▶ EXERCISE REQUIREMENTS
Only the lines from the one holding "how to print perkeso borang 8a Donna Lambert" through the end of the material are to be repeated, exactly and without pictures.

▶ DATA EXCERPT
════

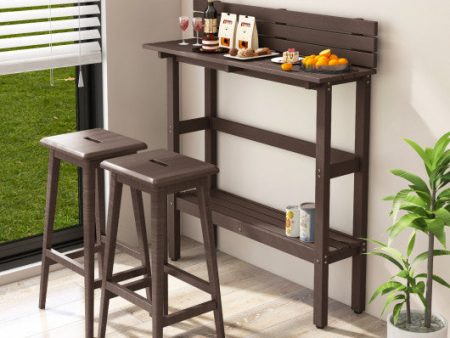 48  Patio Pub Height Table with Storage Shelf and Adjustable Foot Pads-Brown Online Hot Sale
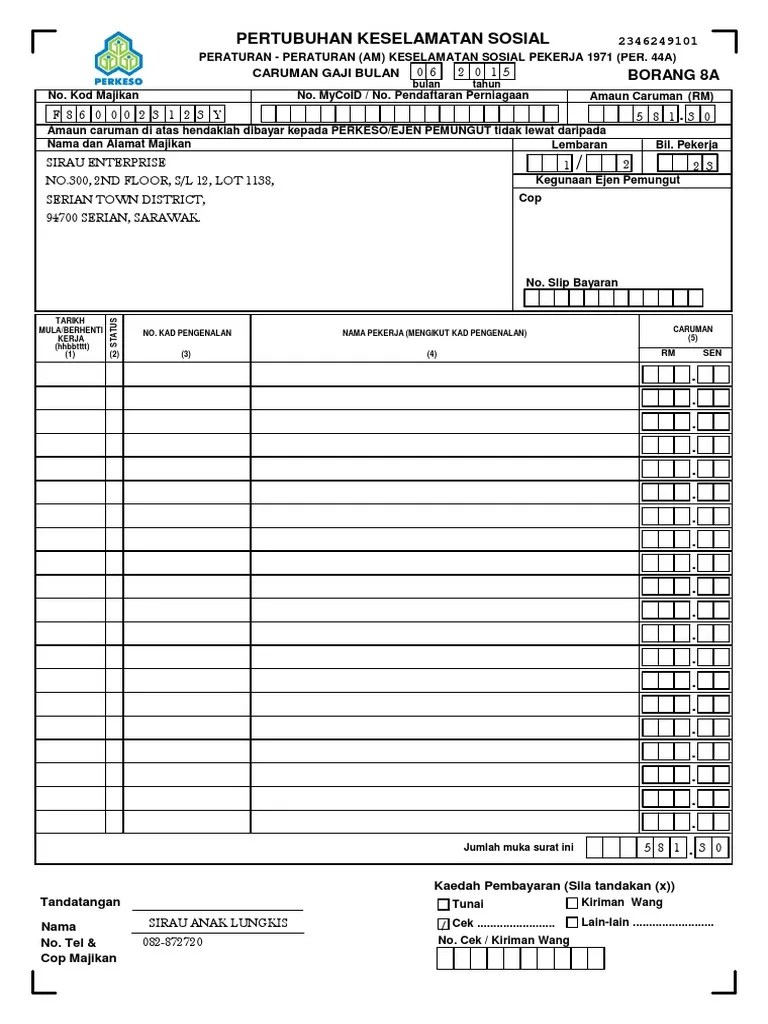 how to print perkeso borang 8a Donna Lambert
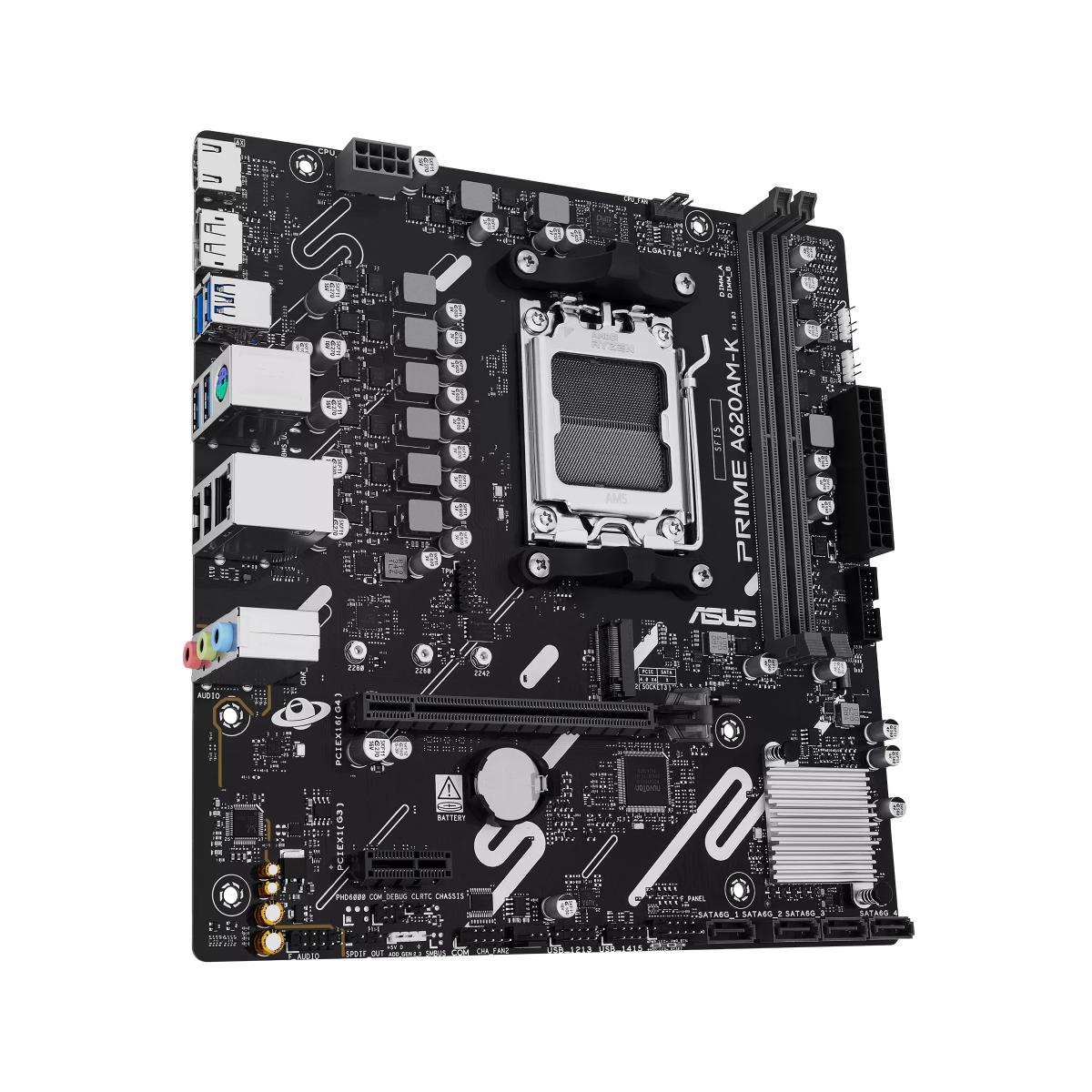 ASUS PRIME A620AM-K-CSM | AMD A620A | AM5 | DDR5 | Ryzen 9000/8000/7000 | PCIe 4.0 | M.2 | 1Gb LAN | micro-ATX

════

▶ WRITTEN SOLUTION
 how to print perkeso borang 8a Donna Lambert
 ASUS PRIME A620AM-K-CSM | AMD A620A | AM5 | DDR5 | Ryzen 9000/8000/7000 | PCIe 4.0 | M.2 | 1Gb LAN | micro-ATX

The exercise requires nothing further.